Fixed annuities from three small insurers make Barron’s “smart” list

While smaller than most of the other 15 companies on the list (see today’s Data Connection), Life Insurance Co. of the Southwest, Royal Neighbors of America and The Standard have strong ratings--and a whiff of counter-culture about them.

Three annuity issuers companies that don’t make headlines very often—The Standard, the Life Insurance Company of the Southwest (LICS), and Royal Neighbors of America—appeared on Barron’s list of “25 smart annuities” last Saturday.

While smaller than most of the other 15 companies on the  list (see today’s Data Connection at right), these companies nonetheless have top-tier strength ratings from A.M. Best. Judging by their addresses and/or histories, they also have a whiff of counter-culture about them, relatively speaking.

National Life art

Rather than being located in an insurance stronghold like Massachusetts, Connecticut, Iowa or Minnesota, two of the firms are headquartered in a pair of “blue” states that bookend the country like copies of Helen and Scott Nearing’s classic Living the Good Life (in the East) and the collected beat poetry of Gary Snyder (out West).   

The Standard (A, A.M. Best) is based in Portland, Ore., while LICS’s parent, National Life Group (A, A.M. Best), is based in Montpelier, Vt., a region where Volvo 240s and cork-soled Birkenstock sandals never go out of fashion and a high proportion of mature women wear their steely locks defiantly undyed.    

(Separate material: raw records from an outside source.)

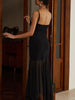 Anna | Asymmetrisches Maxikleid mit tiefem Ausschnitt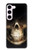 W1107 Skull Face Grim Reaper Hard Case and Leather Flip Case For Samsung Galaxy S23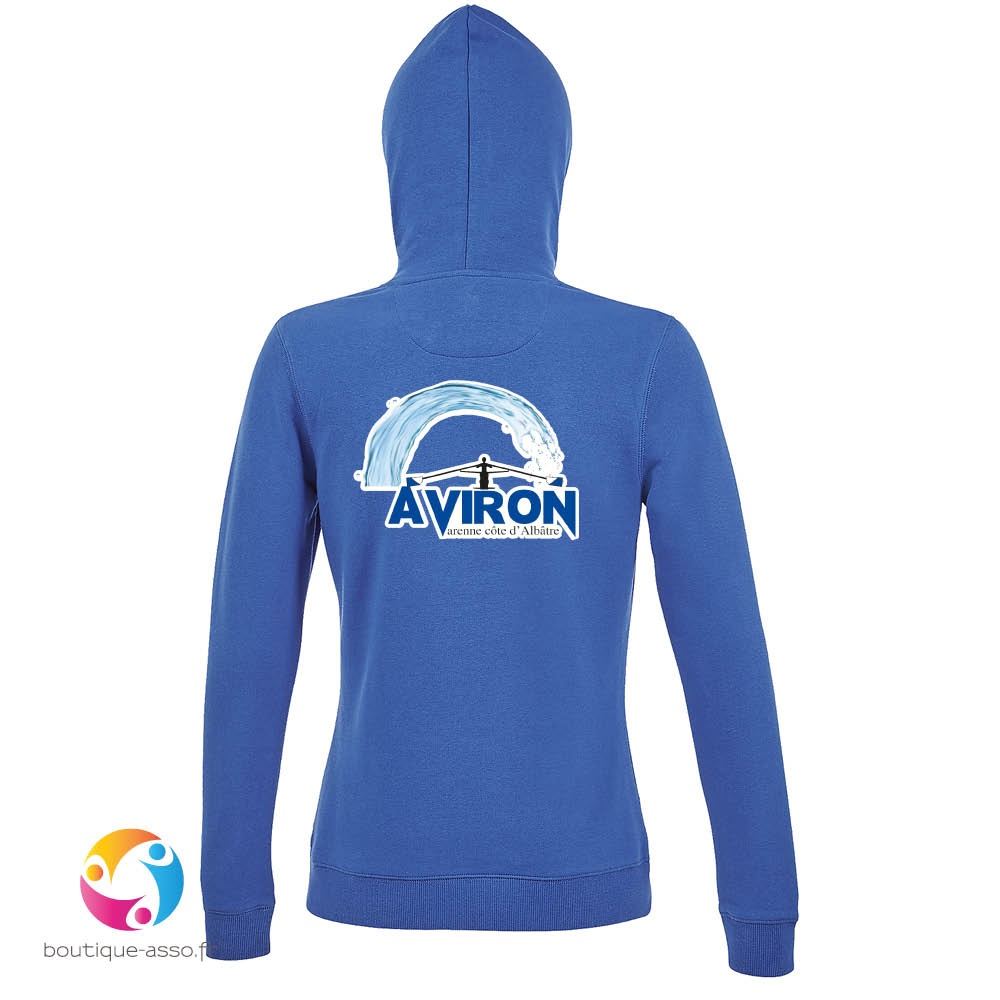 SWEAT CAPUCHE FEMME - Aviron Varenne Cote d'Albatre (AVCA)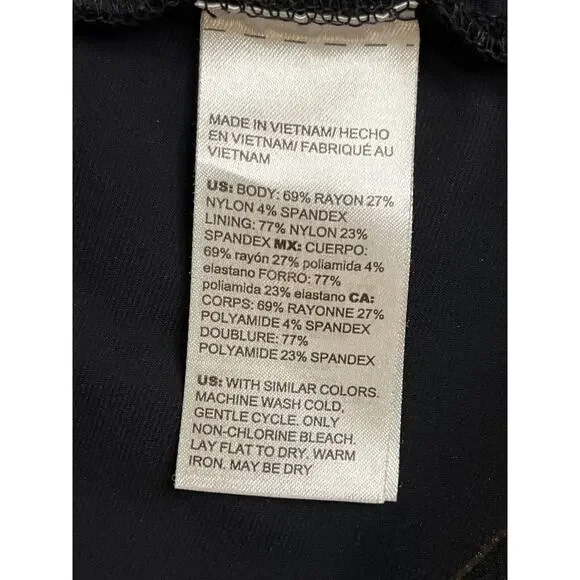 Chico’s Black SO Slimming 360 Juliet Full Length Ponte Knit Slim Pants, Size 16 - Picture 10 of 15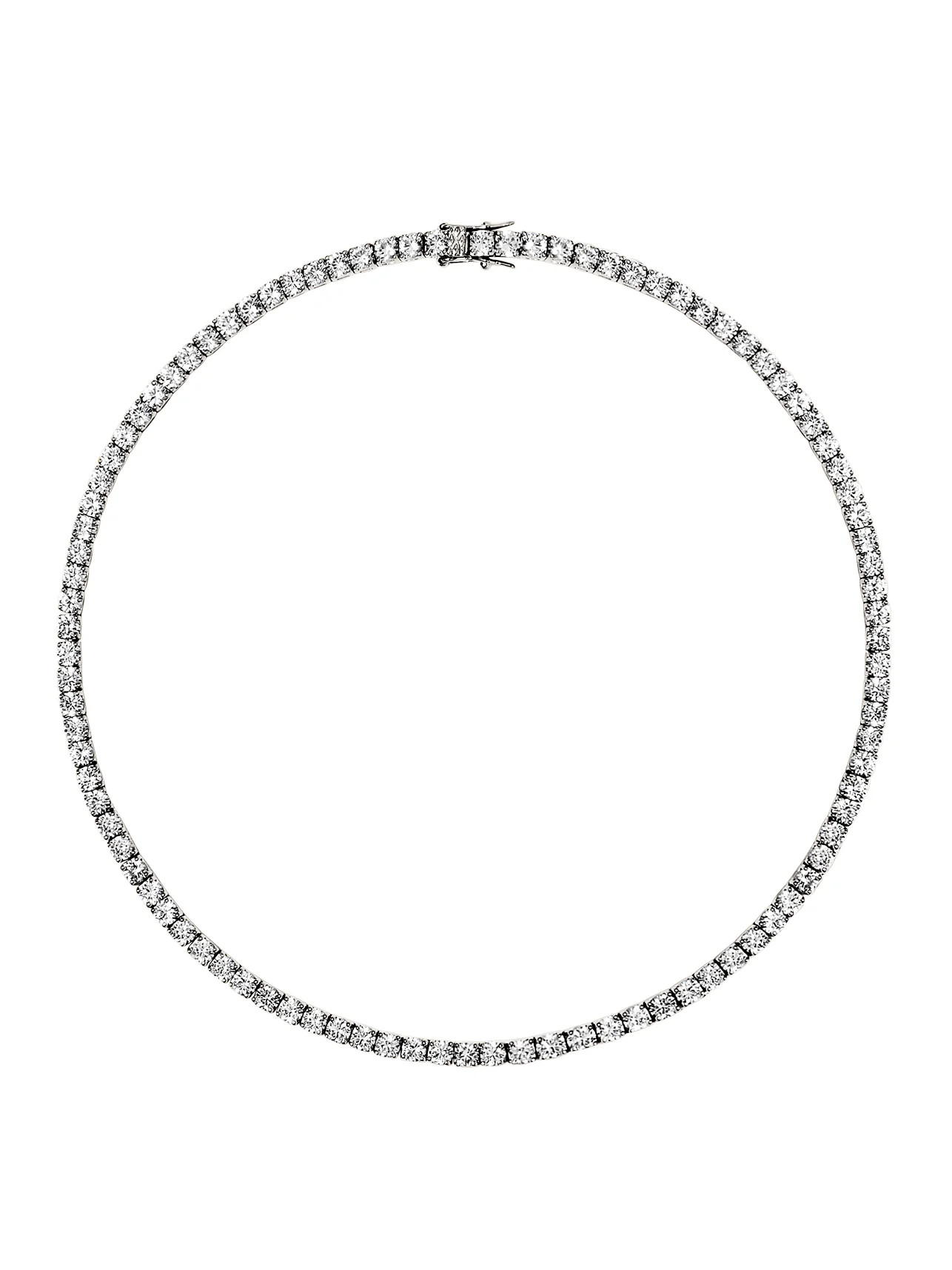 KATE RIVIÈRE NECKLACE IN 3.75MM LAB WHITE SAPPHIRE | Dorsey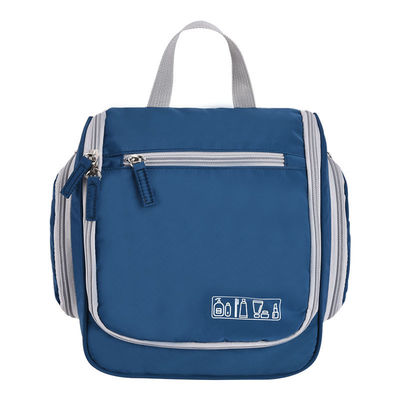 Bolsa de cosméticos de viagem personalizada com fecho de fecho de fecho e bolso incluído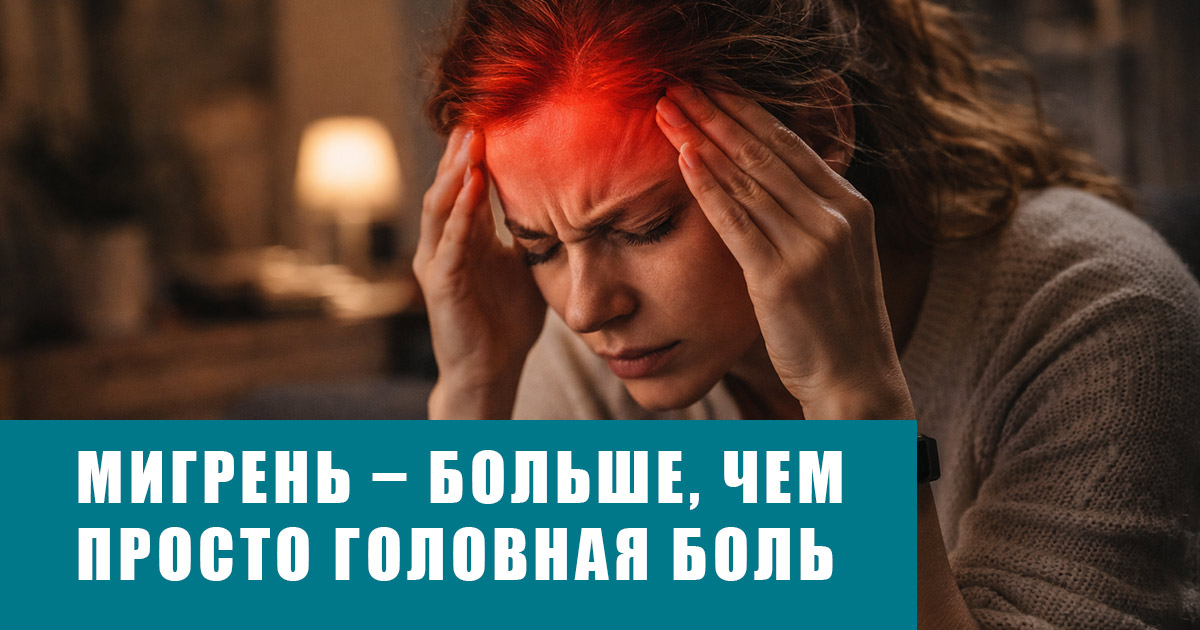 Мигрень – больше, чем просто головная боль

The Standard’s Focused Growth five-year guaranteed rate fixed deferred annuity and its Index Growth fixed indexed annuity made the Barron’s list. The Standard is a unit of publicly held Stancorp Financial Group (2010 revenues of $2.77 billion).

Two of LISC’s fixed indexed annuities, the SecurePlus Platinum and the SP Flex, were among the five S&P 500 FIAs on the Barron’s list. Its parent, founded 160 years ago, is a mutual company with assets of about $20 billion.  Earlier this year, National Life introduced a Lifetime Income Benefit Rider on a universal life insurance policy, with the income deducted from the policy’s account value through partial withdrawals and loans.  

Smaller and even more focused in its mission is Royal Neighbors of America, an Illinois non-profit with $766 million in assets that was founded in 1895 to “support women and those they care about.” Its Choice 5 multi-year guarantee fixed deferred annuity was among the five five-year contracts recommended by Barron’s.  

Royal Neighbors has a national network of 220,000 “members” who belong to chapters of 10 or more people each. The members not only own Royal Neighbors products, but also volunteer to sponsor or support a variety of local causes.

Through the Nation of Neighbors program, begun in 2007, the company and its members have given over $1 million to 800 women to help them achieve their dreams, such as starting a day care center or, in one case, writing a book about the experiences of women entrepreneurs in the Dakotas.